= Beginning of Section =

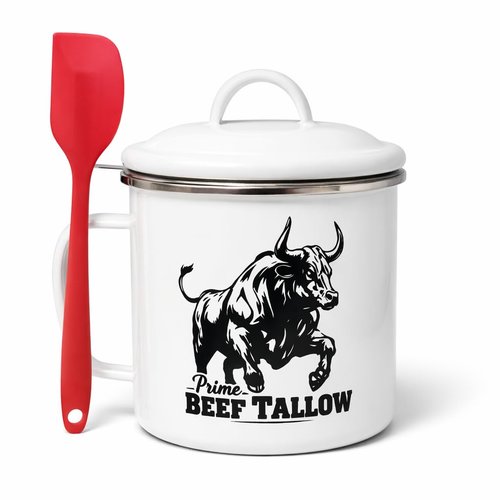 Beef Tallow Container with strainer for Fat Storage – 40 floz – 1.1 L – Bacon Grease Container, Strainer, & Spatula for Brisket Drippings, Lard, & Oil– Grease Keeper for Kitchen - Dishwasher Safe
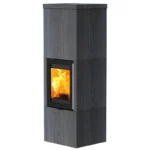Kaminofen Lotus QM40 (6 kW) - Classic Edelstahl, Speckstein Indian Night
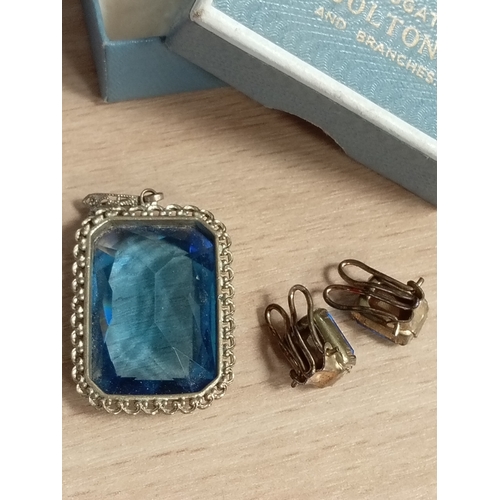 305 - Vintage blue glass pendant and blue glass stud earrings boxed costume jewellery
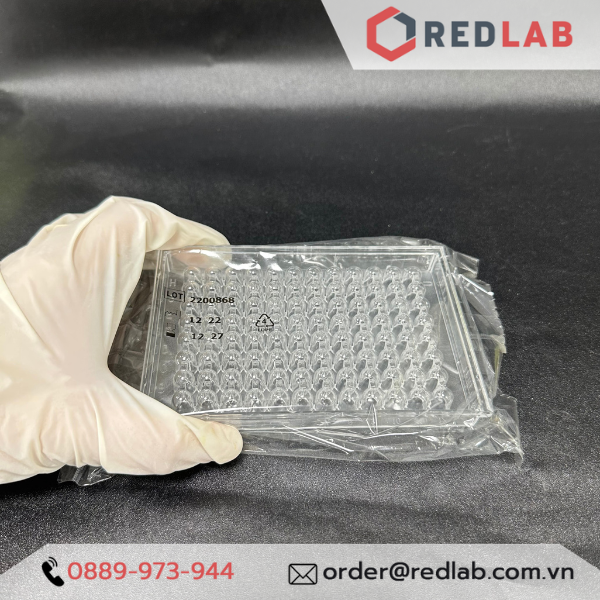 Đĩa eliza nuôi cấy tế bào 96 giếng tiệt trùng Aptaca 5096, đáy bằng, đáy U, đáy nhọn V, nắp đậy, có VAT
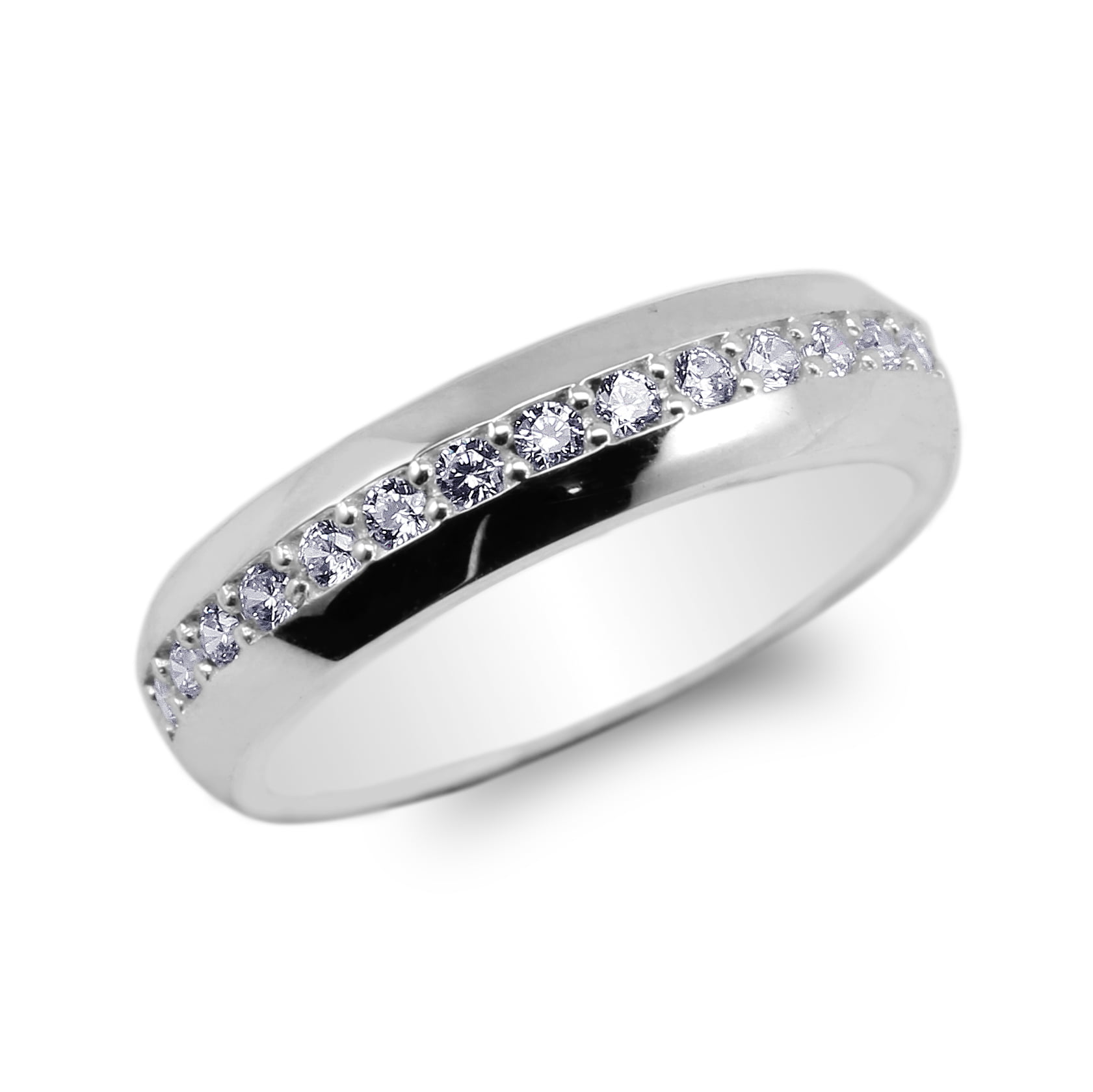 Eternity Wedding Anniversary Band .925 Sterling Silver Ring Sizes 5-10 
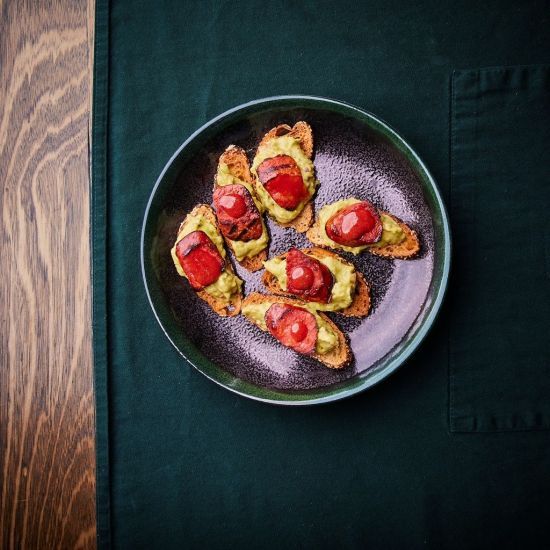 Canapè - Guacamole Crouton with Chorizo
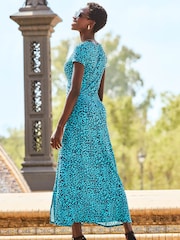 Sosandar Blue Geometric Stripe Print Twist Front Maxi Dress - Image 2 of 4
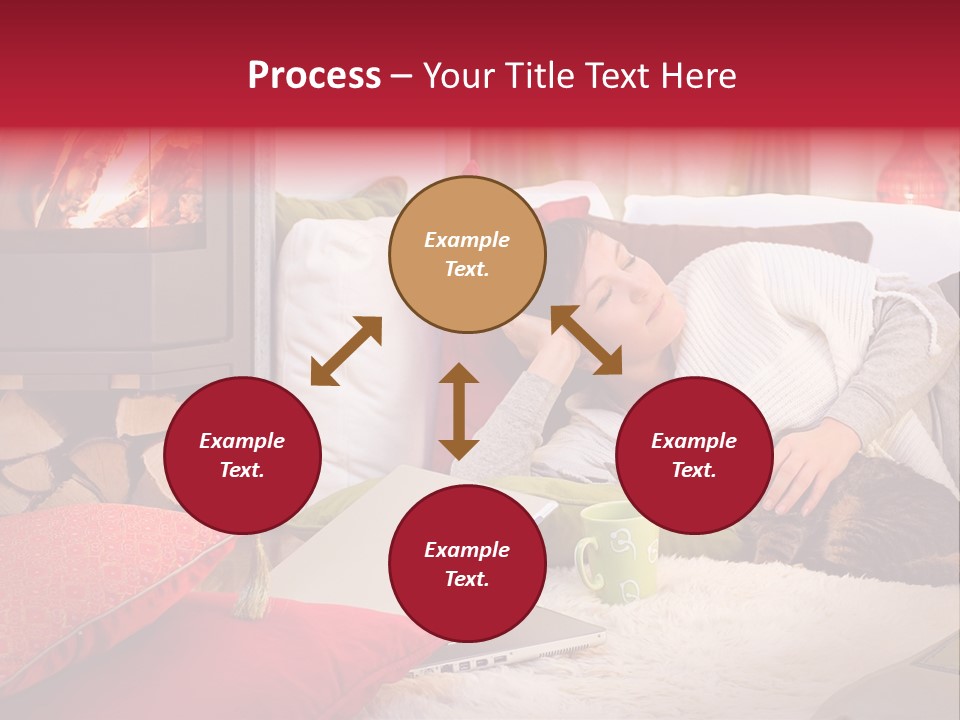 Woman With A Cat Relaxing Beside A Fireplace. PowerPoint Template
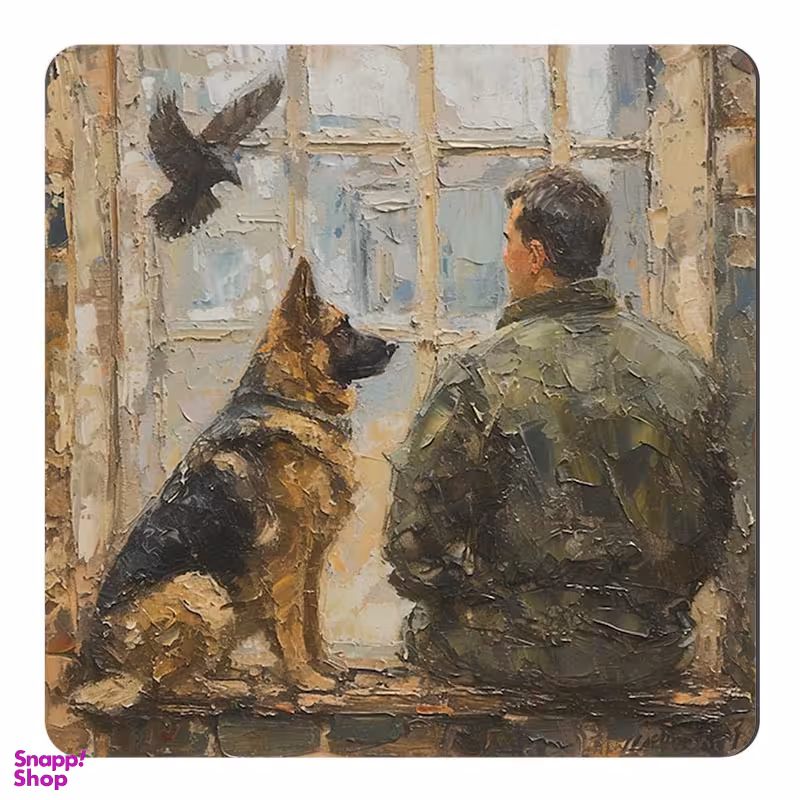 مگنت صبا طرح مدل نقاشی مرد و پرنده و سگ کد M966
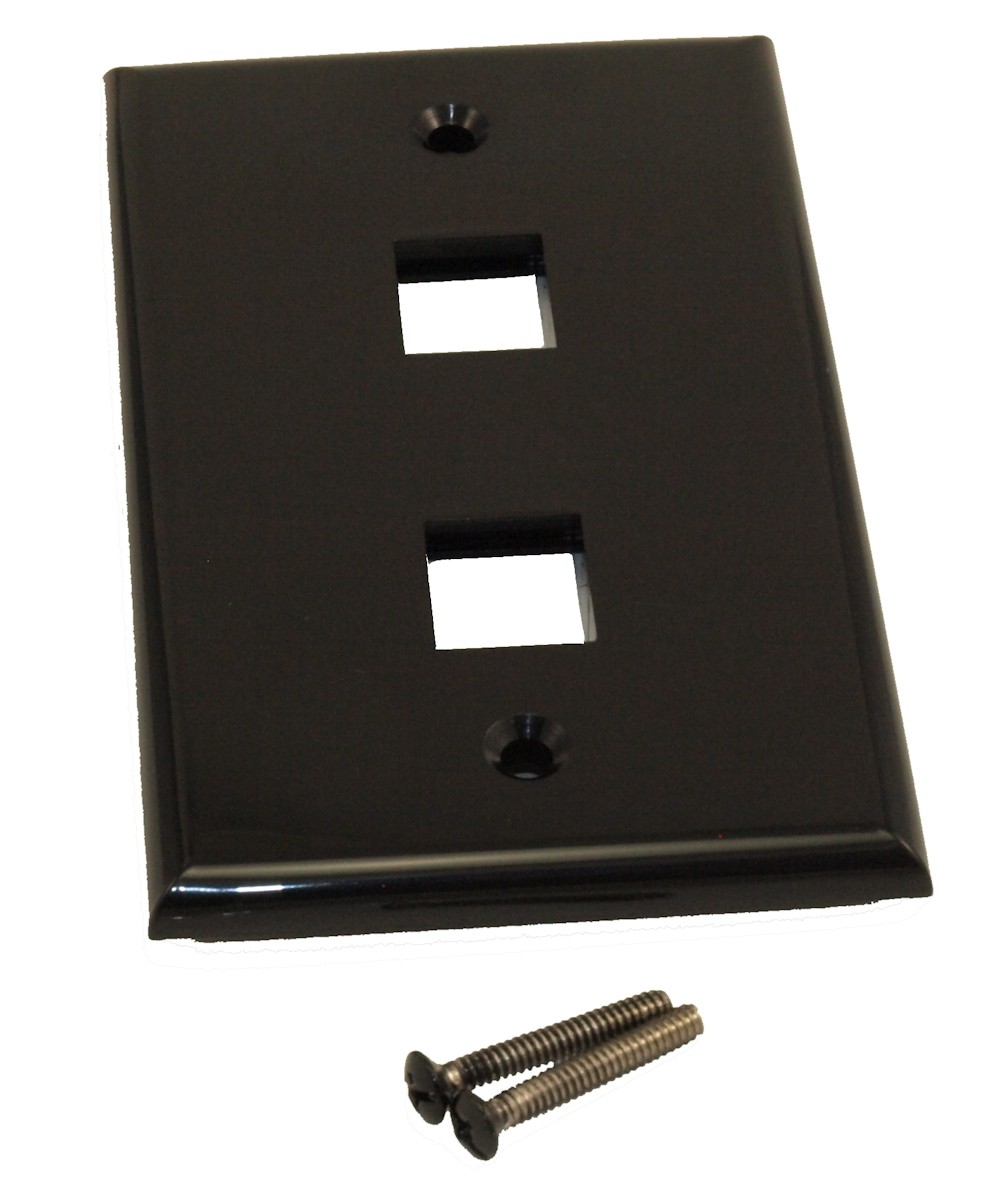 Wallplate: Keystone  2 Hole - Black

= End of Section =

> _WHAT THE EXERCISE ASKS_
Every line of the data should be transcribed exactly. Omit the images.

> _RESULT_
 Beef Tallow Container with strainer for Fat Storage – 40 floz – 1.1 L – Bacon Grease Container, Strainer, & Spatula for Brisket Drippings, Lard, & Oil– Grease Keeper for Kitchen - Dishwasher Safe
Kaminofen Lotus QM40 (6 kW) - Classic Edelstahl, Speckstein Indian Night
 305 - Vintage blue glass pendant and blue glass stud earrings boxed costume jewellery
 Đĩa eliza nuôi cấy tế bào 96 giếng tiệt trùng Aptaca 5096, đáy bằng, đáy U, đáy nhọn V, nắp đậy, có VAT
 Eternity Wedding Anniversary Band .925 Sterling Silver Ring Sizes 5-10 
 Canapè - Guacamole Crouton with Chorizo
 Sosandar Blue Geometric Stripe Print Twist Front Maxi Dress - Image 2 of 4
 Woman With A Cat Relaxing Beside A Fireplace. PowerPoint Template
 مگنت صبا طرح مدل نقاشی مرد و پرنده و سگ کد M966
 Wallplate: Keystone  2 Hole - Black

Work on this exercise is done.